What you have to do - Look through the entries that follow and return each line that has the string "mapa".

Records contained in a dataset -

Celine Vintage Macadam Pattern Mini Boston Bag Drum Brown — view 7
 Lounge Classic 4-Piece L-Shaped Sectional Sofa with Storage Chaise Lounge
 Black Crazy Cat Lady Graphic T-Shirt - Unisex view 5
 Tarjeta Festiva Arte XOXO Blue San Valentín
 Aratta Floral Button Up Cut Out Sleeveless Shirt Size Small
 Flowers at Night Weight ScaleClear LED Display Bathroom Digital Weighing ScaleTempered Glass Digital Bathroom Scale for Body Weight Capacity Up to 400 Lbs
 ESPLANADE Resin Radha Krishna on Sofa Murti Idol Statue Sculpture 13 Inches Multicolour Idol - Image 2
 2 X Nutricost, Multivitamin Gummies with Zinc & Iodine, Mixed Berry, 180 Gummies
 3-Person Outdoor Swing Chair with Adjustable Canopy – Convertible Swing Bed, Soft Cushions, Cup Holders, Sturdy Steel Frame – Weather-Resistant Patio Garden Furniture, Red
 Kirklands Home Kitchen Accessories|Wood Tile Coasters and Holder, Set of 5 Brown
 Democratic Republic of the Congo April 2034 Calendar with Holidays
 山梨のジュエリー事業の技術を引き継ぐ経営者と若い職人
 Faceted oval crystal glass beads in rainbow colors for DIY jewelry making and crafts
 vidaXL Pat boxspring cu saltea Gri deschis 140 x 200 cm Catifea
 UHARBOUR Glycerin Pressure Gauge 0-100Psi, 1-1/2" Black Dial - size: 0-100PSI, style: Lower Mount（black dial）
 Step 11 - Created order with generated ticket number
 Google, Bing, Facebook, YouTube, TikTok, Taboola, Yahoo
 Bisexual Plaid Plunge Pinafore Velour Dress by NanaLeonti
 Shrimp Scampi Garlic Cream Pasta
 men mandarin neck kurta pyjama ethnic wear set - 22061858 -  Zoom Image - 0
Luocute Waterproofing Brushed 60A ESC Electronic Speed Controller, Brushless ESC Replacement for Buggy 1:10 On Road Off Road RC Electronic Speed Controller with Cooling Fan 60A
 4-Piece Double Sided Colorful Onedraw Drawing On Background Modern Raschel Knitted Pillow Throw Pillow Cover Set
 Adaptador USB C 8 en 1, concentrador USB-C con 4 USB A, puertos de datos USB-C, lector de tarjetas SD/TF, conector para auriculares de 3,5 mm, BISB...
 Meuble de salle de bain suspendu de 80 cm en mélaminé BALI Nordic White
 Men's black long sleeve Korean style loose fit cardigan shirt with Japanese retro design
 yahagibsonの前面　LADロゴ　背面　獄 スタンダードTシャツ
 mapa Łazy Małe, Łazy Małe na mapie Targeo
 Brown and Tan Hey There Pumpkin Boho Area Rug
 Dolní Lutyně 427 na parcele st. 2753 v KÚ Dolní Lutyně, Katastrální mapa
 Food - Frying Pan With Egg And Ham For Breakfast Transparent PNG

Output below -
 mapa Łazy Małe, Łazy Małe na mapie Targeo
 Dolní Lutyně 427 na parcele st. 2753 v KÚ Dolní Lutyně, Katastrální mapa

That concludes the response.